Married to Congregation Beth Sholom’s Rabbi Saul White ––– who served that synagogue for a remarkable 48 years –– Ruth White gave up a promising acting career to be a mother and rebbetzin.
Ruth White died Dec. 5 at the Coventry Park assisted living community in San Francisco. She was 97.
“She was a tremendous support to my dad,” remembered her son, David White, who currently serves as rabbi at Vallejo’s Congregation B’nai Israel. “She subsumed her whole life for him, and was a true partner to him.”
Added her daughter, Linda Michels of Orinda: “At the same time she wanted us [kids] to have a normal life. She protected us a lot and helped us to be regular folks.”
Born in Brooklyn in 1913, Ruth Shapiro had “a flair for the dramatic,” said her son, and trained for a life on the stage. David White said she made it all the way to Broadway, earning “rave reviews for shows that were panned.”
All that changed when she met Polish-born Rabbi Saul White, who accepted a rabbinic post at Beth Sholom, a new congregation all the way across the country in San Francisco.
While her husband became a towering figure in the Bay Area Jewish community, leading his congregation, starting Brandeis Hillel Day School and working closely with the nascent civil rights movement, Ruth White played a quieter behind-the–scenes role.
Her “niche,” said her son, was to bring a touch of theater to Beth Sholom, largely with self-penned annual confirmation pageants for temple youth, or “cantatas,” as she called them.
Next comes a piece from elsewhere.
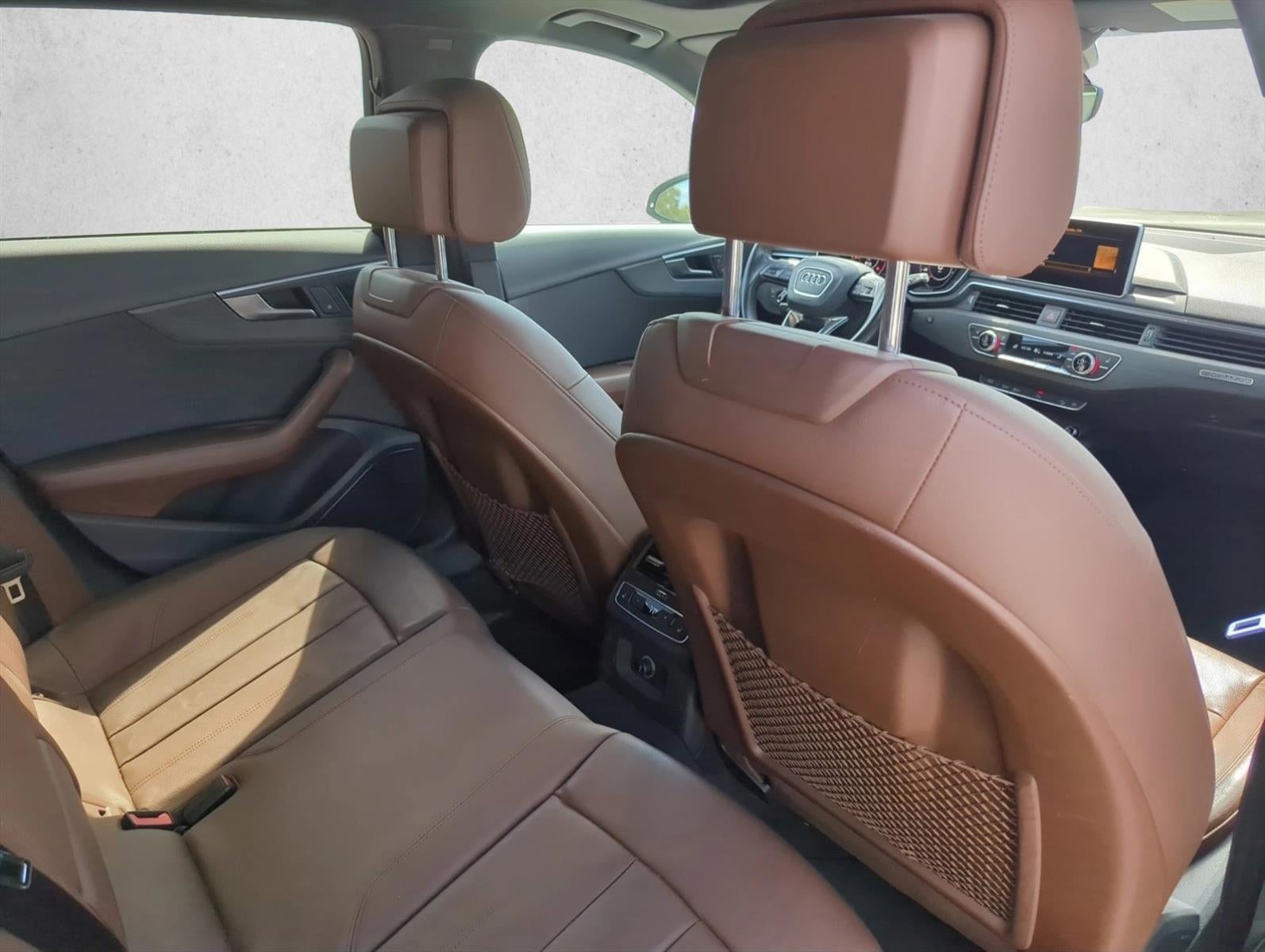 2018 Audi A4 allroad 2.0 TFSI Premium Plus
But White kept her theatrical and musical standards high, even if it meant benching her own children.
Recalled Michels, who admits to being unable to carry a tune: “When I was getting confirmed, singing a cantata she wrote, she encouraged me to mouth the words because she wanted it to be good.”
David White remembers writing a high school play that his mother directed, only to have her cast him in a bit part because “I wasn’t good enough. She was tough.”
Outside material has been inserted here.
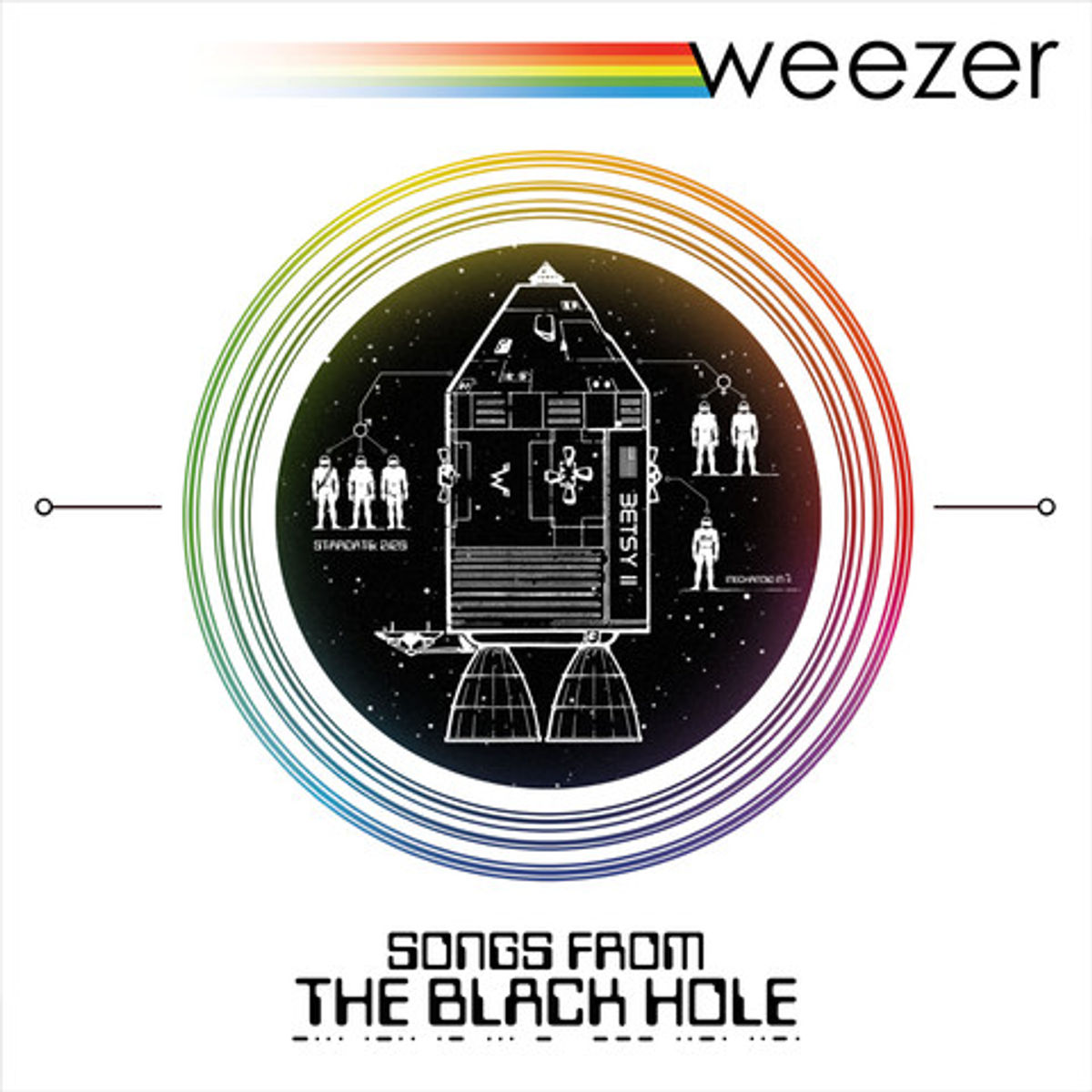 Songs From The Black Hole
Her son remembers having the chance to see his mother on the legitimate theater stage in a production of the Broadway hit “The Chalk Garden” at San Francisco’s now-defunct Actor’s Workshop. “I was impressed,” he said of her performance.
White also was active with the Beth Sholom Sisterhood and with Hadassah.
After her husband’s death in 1983, Ruth White insisted on independent living, something she never relinquished. In addition to her three children, White was very close with her nine grandchildren and 18 great-grandchildren.
Even when afflicted by blindness several years ago, she loved going out to dinner and spending time with family. “She really survived quite well,” said Michels. “The family was her support system.”
White may have been somewhat overshadowed by her larger-than-life husband, but she took Jewish values seriously. Michels said her mother kept a ledger book of her charities.
“I was shocked at how many things there were,” she said. “Jewish causes, gay causes, the museum, the symphony: She gave a little bit to everybody. Tzedakah was important to her.”
A few years ago, White moved to Coventry Park, remaining independent to the end. Her children say the same spark that drew her to theater as a young girl inspired her to the end.
“She really insisted on excellence,” said David White. “You had to do things right and well.”
Ruth White is survived by her children, David White of Mill Valley, Linda Michels of Orinda and Shalene Hersh of Greenbrae; nine grandchildren and 18 great-grandchildren. Donations may be made to Congregation Beth Sholom in San Francisco, Jewish Family and Children’s Services or to the charity of your choice.